§ GIVEN DATA
######

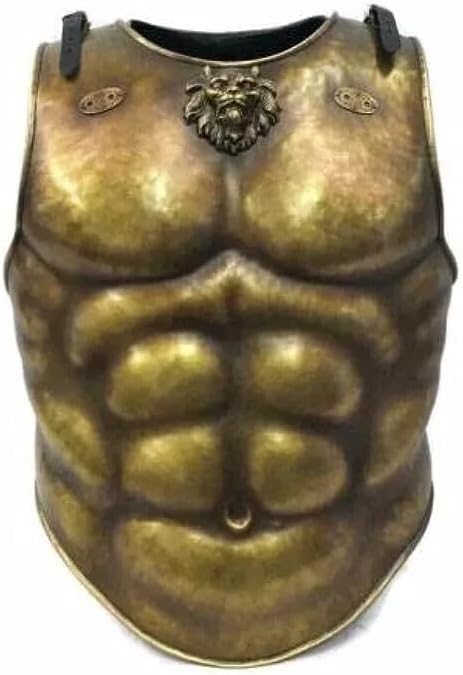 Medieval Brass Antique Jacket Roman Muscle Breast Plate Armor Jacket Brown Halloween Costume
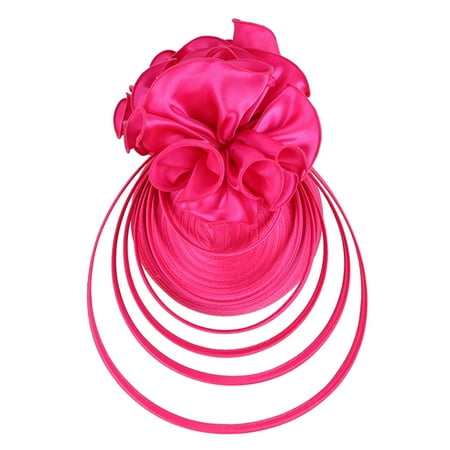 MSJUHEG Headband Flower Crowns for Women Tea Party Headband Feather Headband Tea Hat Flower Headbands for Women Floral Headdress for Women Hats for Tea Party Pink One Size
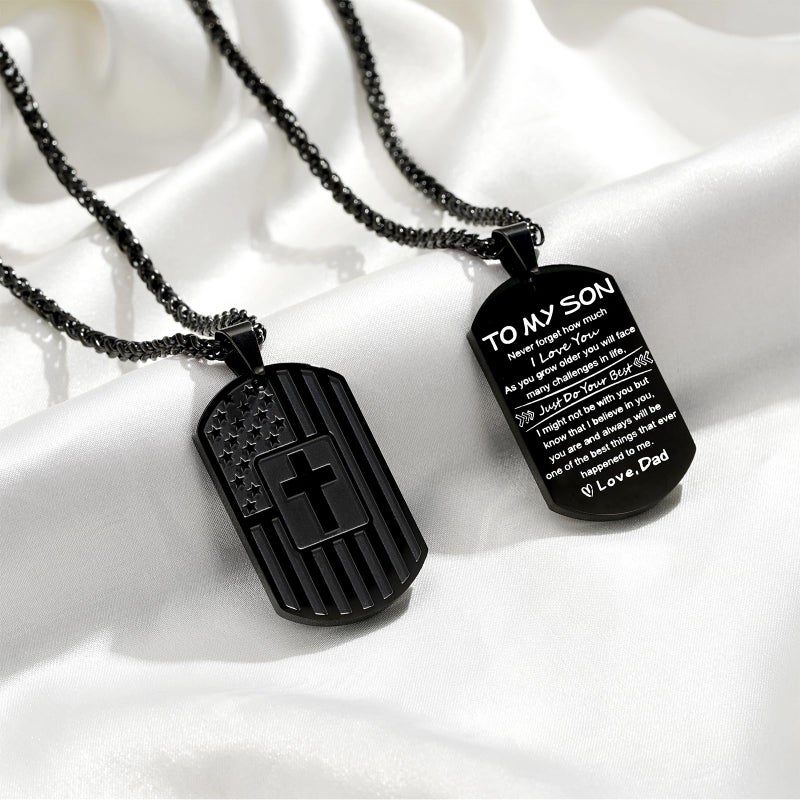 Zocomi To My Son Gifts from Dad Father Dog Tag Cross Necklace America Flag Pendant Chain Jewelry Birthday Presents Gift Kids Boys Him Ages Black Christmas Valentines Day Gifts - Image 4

######

All of the material above needs to be restated exactly, with no pictures.

 Medieval Brass Antique Jacket Roman Muscle Breast Plate Armor Jacket Brown Halloween Costume
 MSJUHEG Headband Flower Crowns for Women Tea Party Headband Feather Headband Tea Hat Flower Headbands for Women Floral Headdress for Women Hats for Tea Party Pink One Size
 Zocomi To My Son Gifts from Dad Father Dog Tag Cross Necklace America Flag Pendant Chain Jewelry Birthday Presents Gift Kids Boys Him Ages Black Christmas Valentines Day Gifts - Image 4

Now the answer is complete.